Good reasons that need not be named explicitly in your kind little note:

1. You live very far away from the blessed event.

2. You have a million small children who must be watered, fed, napped, wheeled about, scrubbed, changed out of soiled diapers and/or rompers around the clock.

If you fit into one (or, yikes, both) of these categories, presumably the lucky couple has invited you with the understanding that you might not be able to make it, and the fact that you won’t be schlepping your brood through x-ray sensors that will no doubt give their mini-brains mini-brain tumors is not going to come as a surprise to them. Unless they are weirdly thoughtless. Which they may well be! But let us hope that they are not, because probably you are either friends with them, or related to them.

Really, the decline card presents a problem that should not exist. Because, in my mind, there should be no decline card! Because this is not elementary school, and no one should be passing notes that say “Do you like me, check yes or no.” I often hear of betrotheds who feel snubbed when they receive decline cards upon which someone has ticked the “no” box with a sad, cold, ungrateful little tick and nothing more, and I think why did you give them the chance to be annoying? It’s like handing a toddler a Ming vase with a super cool snarly dragon, and being upset when they yell “DWAGON!” and smash it. Dude, you straight-up handed the kid the vase! I saw you do it!!!

If you have decided to get married, fine. Just send out some invitations. People will get back to you. (I disagree because I literally never remember to respond to invites and am a total monster. – Ed. note) How? Do you have a return address stamp (you should! they are fun!)? Do you have a cell phone? Do you have email? Do you have google chat? Do you have WhatsApp? Do you have snapchat? I thought so! They will find you. I promise.
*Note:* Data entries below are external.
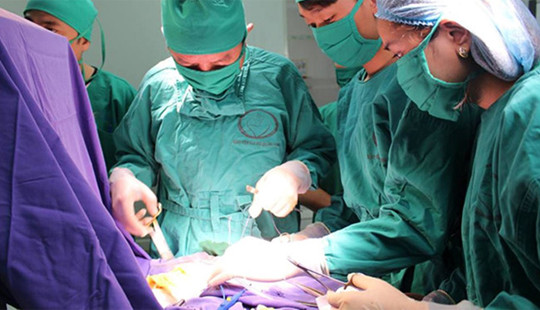Cứu sống bé sơ sinh lộ toàn bộ nội tạng ngoài thành bụng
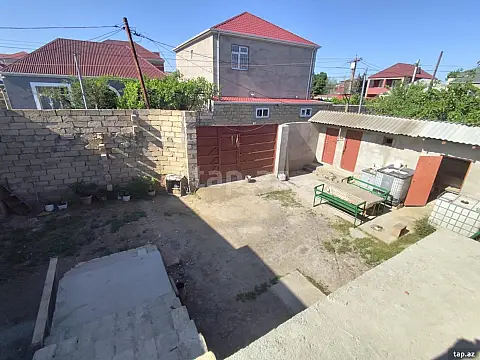 Satılır 7 otaqlı həyət evi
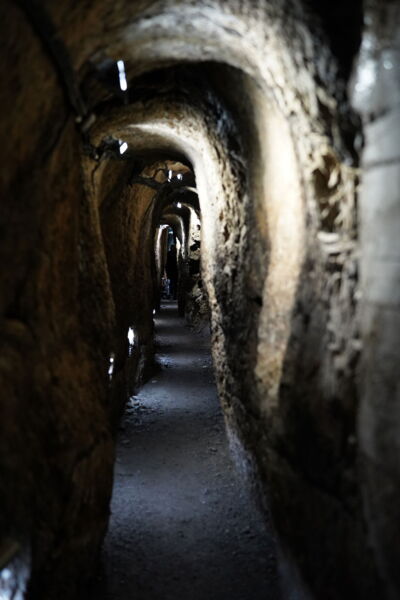 Beleuchteter Tunnelgang mit moderner LED-Beleuchtung von Cave Lighting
You, the LW, may now wonder why, if someone has done the silly thing of including a response card, you, the unwitting, long-suffering recipient, are responsible for raising the tone. Because it’s the right thing to do. It will make everyone happier: you, and the unlucky bride/groom. Also, I’m looking back at your original question and sensing that you might be the strong and silent–or at least pithy–sort, so you may balk at all this extra wordage, but you did ask, and that’s what I think.